What's the difference between direct and indirect spend?
Direct spend is the primary role of the procurement department in manufacturing and other industries. It is essentially the buying of materials for resale, either directly or for use in manufactured products.
Indirect spend is all of the support products and services a company needs: IT products, facilities management (including leases and capital construction), corporate travel, marketing, and even healthcare and employee benefits. The amount of indirect spend can equal or surpass that of direct purchases.
Bringing indirect spend back to the forefront
In many traditional procurement departments, indirect spend is often an afterthought, with maintenance, repair, and operating (MRO) purchases assigned to the rookie or underachieving buyer. In many cases, the majority of indirect spend is in control of those with little or no procurement or contract management experience.
That's the source of disparity between direct and indirect spend at most companies.
Buyers with direct spend responsibilities may wrestle suppliers to the mat to extract the last few pennies from a commodity. At the same time, the company’s new marketing coordinator is signing an open-ended supplier agreement with a web-development firm, locking in high prices for low service for years to come.
Suppliers know the difference. Often, they will work directly with these unofficial buyers and bypass formal procurement standards and processes in order to secure a better deal.
But there are three things that procurement departments can do to break down internal barriers and increase their control of indirect spend.
1. Enforce fiduciary responsibility
Procurement professionals, through the laws of agency, have the fiduciary responsibility to spend their company’s money ethically, fairly and wisely. Company agents are the only ones authorized under Uniform Commercial Code standards to obligate the company to suppliers. This obligation should include all company expenditures, no matter the category.

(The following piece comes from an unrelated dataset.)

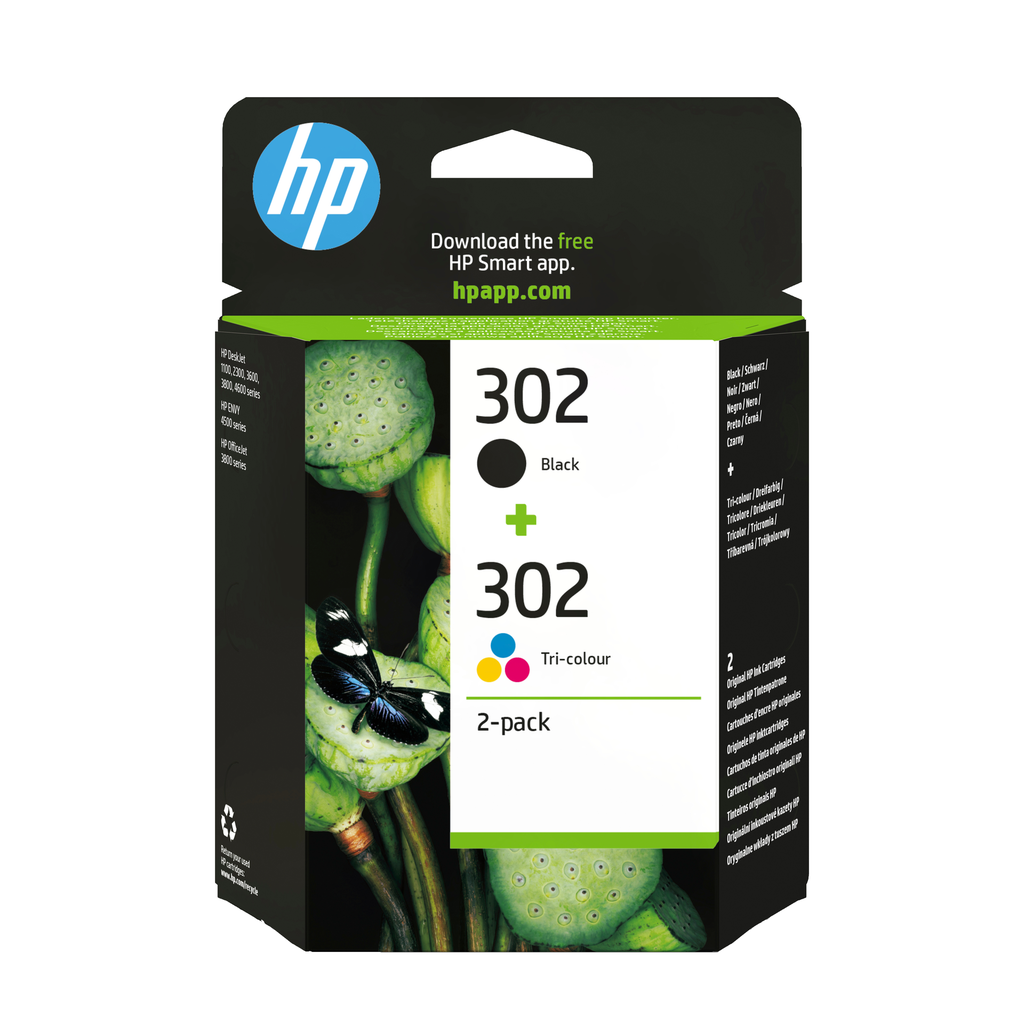 [X4D37AE] Pack HP 302 / X4D37AE 4 couleurs, 170 pages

Some companies with a comprehensive understanding of the enormity and diversity of their purchases — as well as the potential cost savings — have embraced the holistic approach to purchasing by appointing managers and staff to manage indirect spend. But others leave it up to department heads to establish and manage their own business relationships, bypassing procurement altogether in management-endorsed maverick spend.

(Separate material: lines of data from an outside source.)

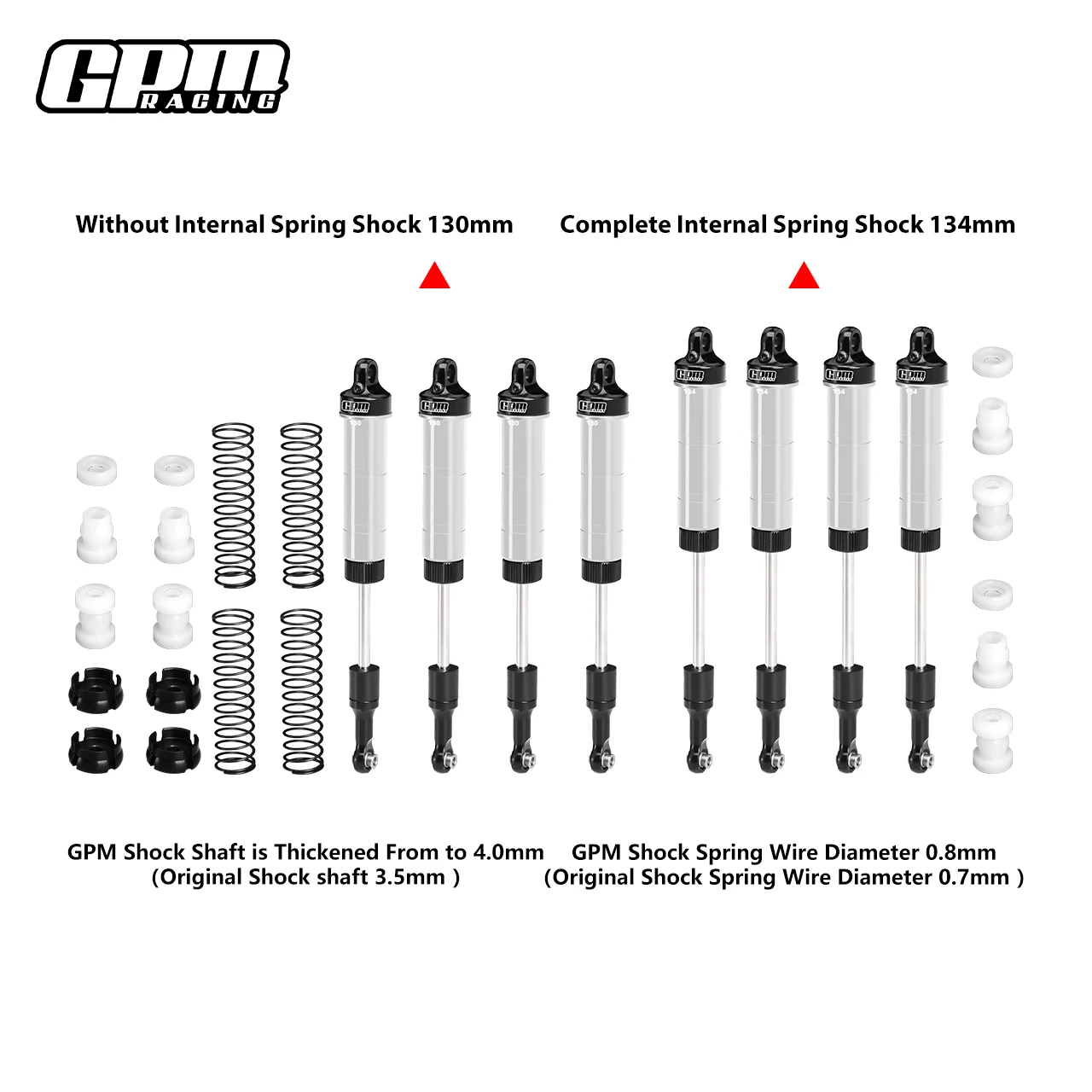 GPM LOSI 1/8 LMT 2.0 LOS04028 Сплав (передний и задний) Комплект внутреннего пружинного амортизатора 130 и 134 мм
GPM LOSI 1/8 LMT 2.0 LOS04028 Сплав (передний и задний) Комплект внутреннего пружинного амортизатора 130 и 134 мм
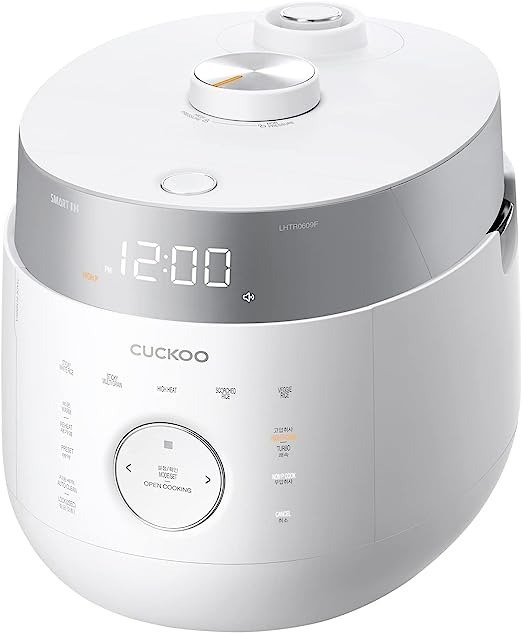 CRP-LHTR1009F | 10-Cup/2.5-Quart (Uncooked) Twin Pressure Induction Heating Rice Cooker | 16 Menu Options: High/Non-Pressure Steam & More, Stainless Steel Inner Pot, Made in Korea | White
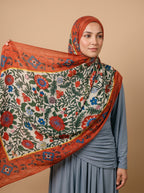 Amber Garden Printed Modal Hijab
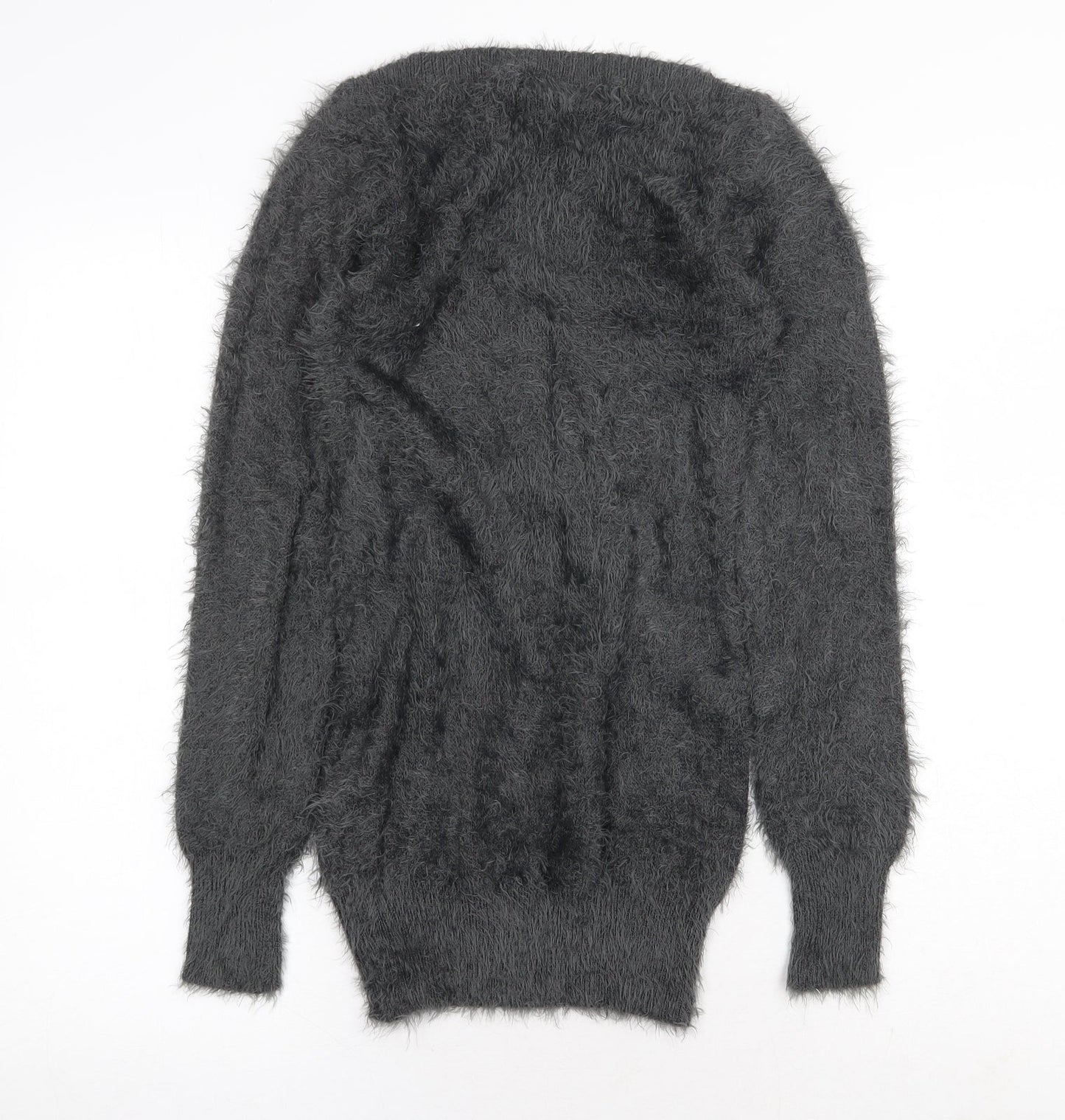 Womens UK Size S Ravi Famous Grey Pullover Jumper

These days procurement seems to have been swallowed up by the expansion and importance of supply chain management. Expanding our rightful role into indirect spend helps us gain our identity back.

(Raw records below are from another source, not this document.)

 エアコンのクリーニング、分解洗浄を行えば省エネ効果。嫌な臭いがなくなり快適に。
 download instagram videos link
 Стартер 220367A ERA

Those supporting indirect spend have the opportunity to engage in a whole new scope of suppliers, products and services.
2. Gain expertise in new categories
The procurement professional comes into the indirect category with foundational business skills, including contract management, negotiation, intellectual property, project management, financial analysis and an understanding of company procurement policies.
Those supporting indirect spend have the opportunity to engage in a whole new scope of suppliers, products and services. There is a learning curve with indirect commodities, especially those traditionally controlled by non-procurement staff. But it is often interesting work that offers valuable professional and career experience.
Learn as much as you can about your new commodity responsibilities.
3. Practice internal customer service
Actively participating in indirect spend opens up a new frontier for the procurement department, providing access to areas of the company that have been traditionally off-limits to buyers.
You may see a range of reactions from both peers and suppliers:
- Some colleagues controlling indirect spend may welcome your involvement and procurement expertise, which will relieve them of an uncomfortable burden.
- Others may resist, claiming that procurement slows down the process by enforcing policies or examining existing contracts and relationships.
- A few may not want to relinquish their sense of power from working directly with suppliers.
- Meanwhile suppliers used to dealing with their non-procurement related contacts may set up their own set of roadblocks.
Still, working in these new areas exposes the procurement department to the entire organization. As you work with other departments — marketing, human resources, finance, food service, property management, and even the executive suite — show your value with excellent customer service.